Former Royal Air Force (RAF) Squadron Leader and Mission Aviation Fellowship co-founder Jack Hemmings AFC is celebrating his 102nd birthday this month, marking a life of extraordinary service and demonstrating that age has not slowed him down.
Jack’s passion for flying and aviation began in August 1940, when the then 19-year-old volunteered as an aircrew member. First taking to the air in a Tiger Moth, Jack then progressed to multi-engine aircraft, flying onboard Airspeed Oxfords, Lockheed Hudson, and Dakota aircraft during World War II.
Stationed in Calcutta with 353 Squadron, which was formed out of 62 Squadron RAF and 103 (Coast Defence) Flight, Indian Air Force, Jack helped protect the Bay of Bengal and the coast of Burma until demobilisation in 1946.
“I had the distinction of being the only one to be seriously hit by enemy fire. I flew in to have a look at the port of Taungup to be met by a shower of upward flying incendiaries,” Jack recollected as he documented his wartime experiences. “There was a loud bang behind my head, and something exploded just as the rear gunner called up to say, rather dryly, ‘lot of holes in the wing, Jack’.”
Jack’s distinguished wartime service saw him awarded the Air Force Cross for exemplary gallantry while flying, as well as the RAF’s Master Air Pilot award in 2017. However, his dedication to military service did not end there, and he continued to inspire a new generation by volunteering as a Flying Officer with the Air Cadets at RAF Harwell between 1970-1975.

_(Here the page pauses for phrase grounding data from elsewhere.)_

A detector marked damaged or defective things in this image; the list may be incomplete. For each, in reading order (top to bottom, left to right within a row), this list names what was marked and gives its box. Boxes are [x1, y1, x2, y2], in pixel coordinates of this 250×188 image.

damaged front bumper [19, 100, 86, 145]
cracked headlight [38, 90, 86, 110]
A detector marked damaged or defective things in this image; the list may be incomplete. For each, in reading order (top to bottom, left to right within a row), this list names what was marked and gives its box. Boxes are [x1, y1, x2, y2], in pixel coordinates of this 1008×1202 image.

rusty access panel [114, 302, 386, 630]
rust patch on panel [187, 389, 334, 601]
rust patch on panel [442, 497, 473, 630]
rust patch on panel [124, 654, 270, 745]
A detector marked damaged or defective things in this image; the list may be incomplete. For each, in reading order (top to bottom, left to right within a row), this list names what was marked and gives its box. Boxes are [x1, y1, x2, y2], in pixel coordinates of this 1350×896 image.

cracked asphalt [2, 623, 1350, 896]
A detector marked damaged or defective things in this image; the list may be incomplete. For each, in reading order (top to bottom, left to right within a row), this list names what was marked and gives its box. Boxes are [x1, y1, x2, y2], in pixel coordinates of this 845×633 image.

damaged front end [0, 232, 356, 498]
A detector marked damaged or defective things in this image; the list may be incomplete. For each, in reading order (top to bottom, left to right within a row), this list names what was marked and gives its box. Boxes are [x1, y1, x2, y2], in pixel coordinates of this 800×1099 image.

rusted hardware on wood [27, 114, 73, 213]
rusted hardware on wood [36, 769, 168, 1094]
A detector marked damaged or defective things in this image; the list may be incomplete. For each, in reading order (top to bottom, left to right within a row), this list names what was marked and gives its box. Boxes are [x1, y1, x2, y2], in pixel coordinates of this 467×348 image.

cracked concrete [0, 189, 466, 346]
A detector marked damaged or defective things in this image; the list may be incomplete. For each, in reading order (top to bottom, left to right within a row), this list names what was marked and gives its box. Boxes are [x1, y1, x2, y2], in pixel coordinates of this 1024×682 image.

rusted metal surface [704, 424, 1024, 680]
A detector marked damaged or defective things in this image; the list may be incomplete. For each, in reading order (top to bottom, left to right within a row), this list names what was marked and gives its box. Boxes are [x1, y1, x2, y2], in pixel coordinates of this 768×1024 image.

Jack continued to pursue his passion for aviation and love of adventure after his time in the Air Force, winning the Dungeness to Le Touquet air race in 1985, still holding the record for that distance. In 1992, at the age of 70, he began training in aerobatics and at the age of 80 he learned to ski. He remains an active flyer, celebrating his 100th birthday in August 2021 and, remarkably, performing aerial aerobatics in a Slingsby. After the flight, a surprise gift organised by his wife Kate, he remarked, “Aerobatics are such a treat, it’s a wonderful feeling which I thoroughly enjoy.”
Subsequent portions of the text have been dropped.